Implementation:Dotnet Machinelearning FactorizationMachineCore
| Knowledge Sources | |
|---|---|
| Domains | Recommender Systems, Factorization Machines, Native Interop |
| Last Updated | 2026-02-09 12:00 GMT |
Overview
Native C++ implementation of Field-Aware Factorization Machine (FFM) forward computation and AdaGrad gradient update, using SSE intrinsics for SIMD-accelerated latent factor interactions.
Description
FactorizationMachineCore.cpp implements the two computational kernels of the Field-Aware Factorization Machine (FFM) model in ML.NET. FFMs extend standard factorization machines by learning separate latent vectors for each (feature, field) pair rather than a single latent vector per feature. This native library provides SIMD-optimized routines that are called from the managed C# trainer via P/Invoke.
The file contains two exported functions:
- CalculateIntermediateVariablesNative computes the model's prediction for a single instance. It calculates the linear term (inner product of linear weights and feature values) and the latent interaction term (sum of all pairwise field-aware interactions). The function uses an intermediate buffer latentSum (of size fieldCount x fieldCount x latentDim) to accumulate partial sums that are reused during gradient computation.
- CalculateGradientAndUpdateNative computes stochastic gradients and applies AdaGrad updates to both the linear weights and the latent weight matrices. For each feature in the instance, it updates the linear weight via standard AdaGrad and then updates all latent vectors across all field projections. The gradient includes both the loss-function gradient and L2 regularization. AdaGrad's per-parameter adaptive learning rate is applied using _mm_rsqrt_ps for fast reciprocal square root.

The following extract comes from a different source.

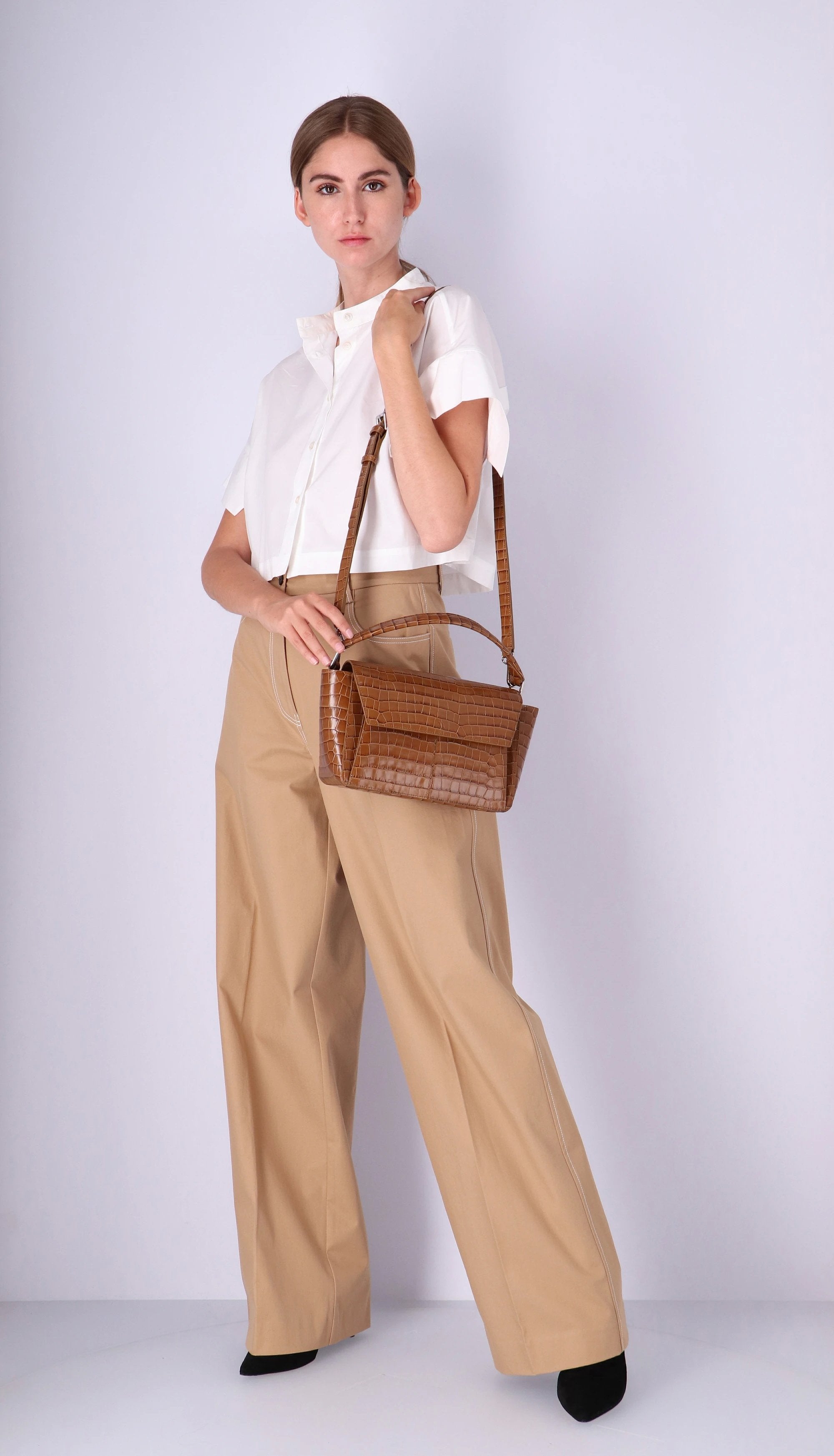 Ikon Croco Olive Brown Shoulder Bag Bags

Both functions operate on sparse feature representations where features are identified by (fieldIndex, featureIndex, featureValue) triples, making them efficient for the high-dimensional sparse data typical of click-through-rate prediction and recommendation tasks.
Usage
These functions are invoked during FFM model training in ML.NET. CalculateIntermediateVariablesNative is called during the forward pass to compute the prediction and cache intermediate values. CalculateGradientAndUpdateNative is called during the backward pass to update model parameters. The managed wrapper in FieldAwareFactorizationMachineInterface.cs handles alignment, memory pinning, and dispatching to these native implementations on .NET Standard targets.
Code Reference
Source Location
- Repository: Dotnet_Machinelearning
- File: src/Native/CpuMathNative/FactorizationMachineCore.cpp
- Lines: 1-179
Signature
EXPORT_API(void) CalculateIntermediateVariablesNative(
int fieldCount, // m: number of fields
int latentDim, // d: dimensionality of latent vectors (must be multiple of 4)

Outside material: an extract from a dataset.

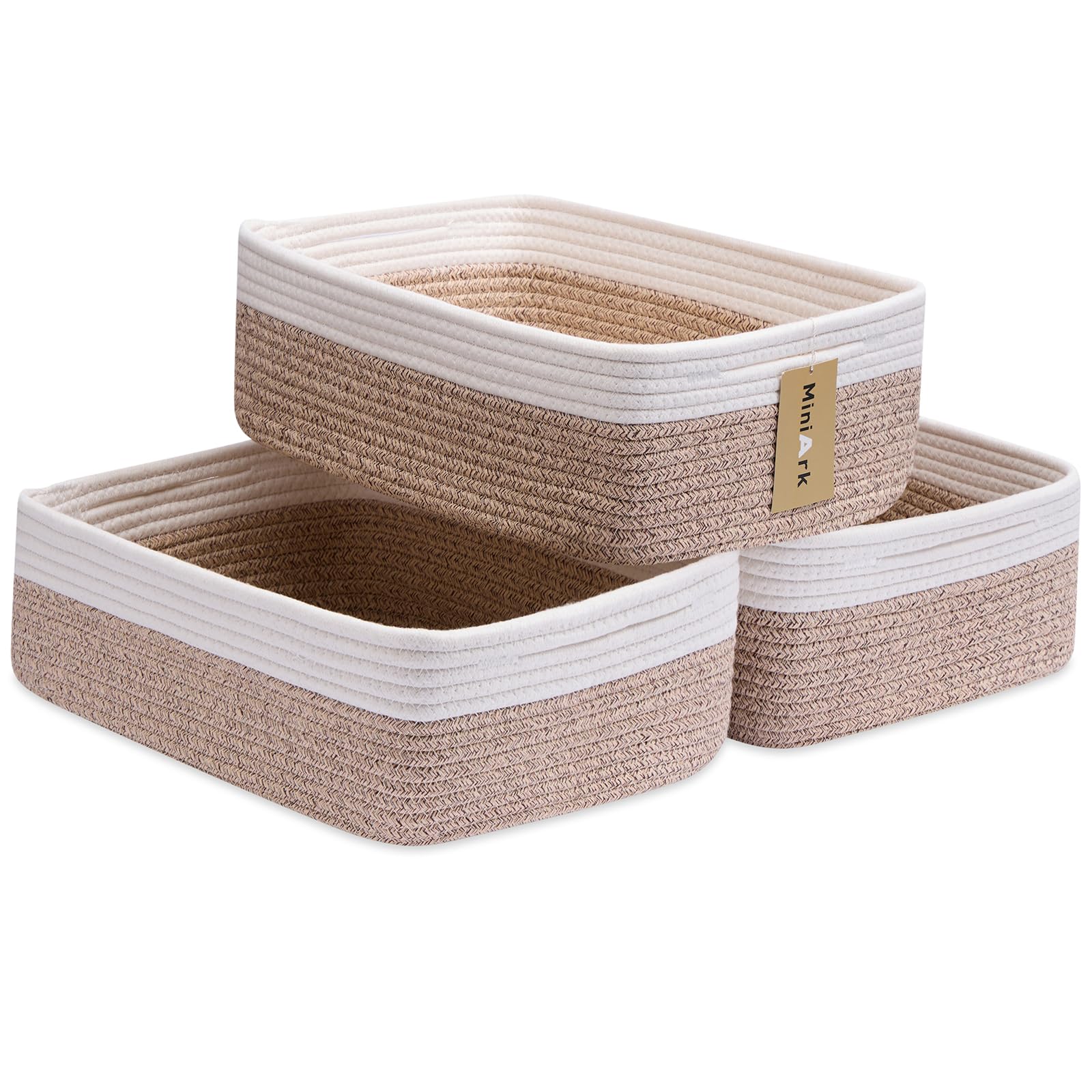 MiniArk large rope basket keeps towels neatly organized on bathroom shelf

int count, // c: number of nonzero features in this instance
int * fieldIndices, // pf[c]: field index for each feature
int * featureIndices, // pi[c]: global feature index for each feature
float * featureValues, // px[c]: value of each feature
float * linearWeights, // pw[numFeatures]: linear weight per feature
float * latentWeights, // pv[numFeatures * m * d]: latent weight tensor
float * latentSum, // pq[m * m * d]: intermediate accumulator (zeroed inside)
float * response // output: scalar prediction value
);
EXPORT_API(void) CalculateGradientAndUpdateNative(
float lambdaLinear, // L2 regularization coefficient for linear weights
float lambdaLatent, // L2 regularization coefficient for latent weights
float learningRate, // base learning rate for AdaGrad
int fieldCount, // m: number of fields
int latentDim, // d: latent dimension (must be multiple of 4)

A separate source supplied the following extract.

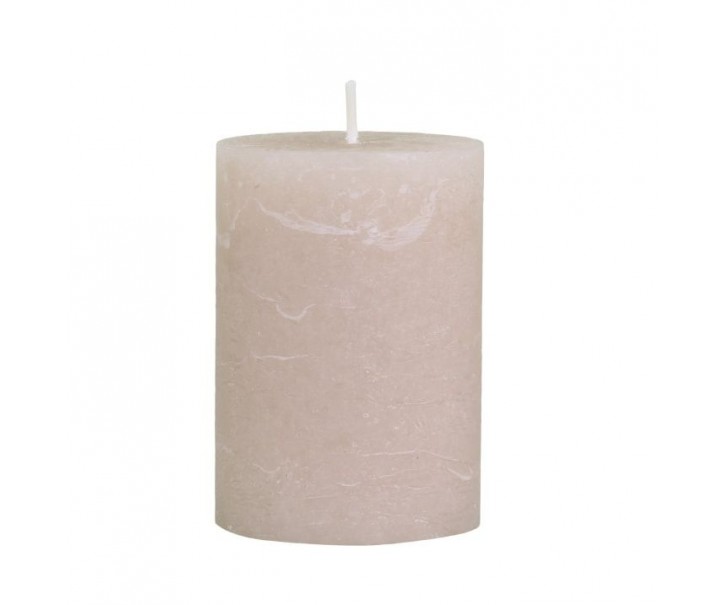 Růžová široká svíčka Rustic pillar rose - Ø 7*10cm/ 40h Chic Antique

float weight, // instance weight for weighted loss
int count, // c: number of nonzero features in this instance
int * fieldIndices, // pf[c]: field index for each feature
int * featureIndices, // pi[c]: global feature index for each feature
float * featureValues, // px[c]: value of each feature
float * latentSum, // pq[m * m * d]: intermediate values from forward pass
float slope, // derivative of loss function w.r.t. prediction
float * linearWeights, // pw[numFeatures]: updated in-place
float * latentWeights, // pv[numFeatures * m * d]: updated in-place
float * linearAccumulatedSquaredGrads, // phw[numFeatures]: AdaGrad accumulators
float * latentAccumulatedSquaredGrads // phv[numFeatures * m * d]: AdaGrad accumulators
);
Import
// P/Invoke declarations from
// src/Microsoft.ML.CpuMath/FactorizationMachine/FactorizationMachineInterface.cs
using System.Runtime.InteropServices;
using System.Security;
internal static unsafe partial class FieldAwareFactorizationMachineInterface
{
private const string NativePath = "CpuMathNative";
[DllImport(NativePath), SuppressUnmanagedCodeSecurity]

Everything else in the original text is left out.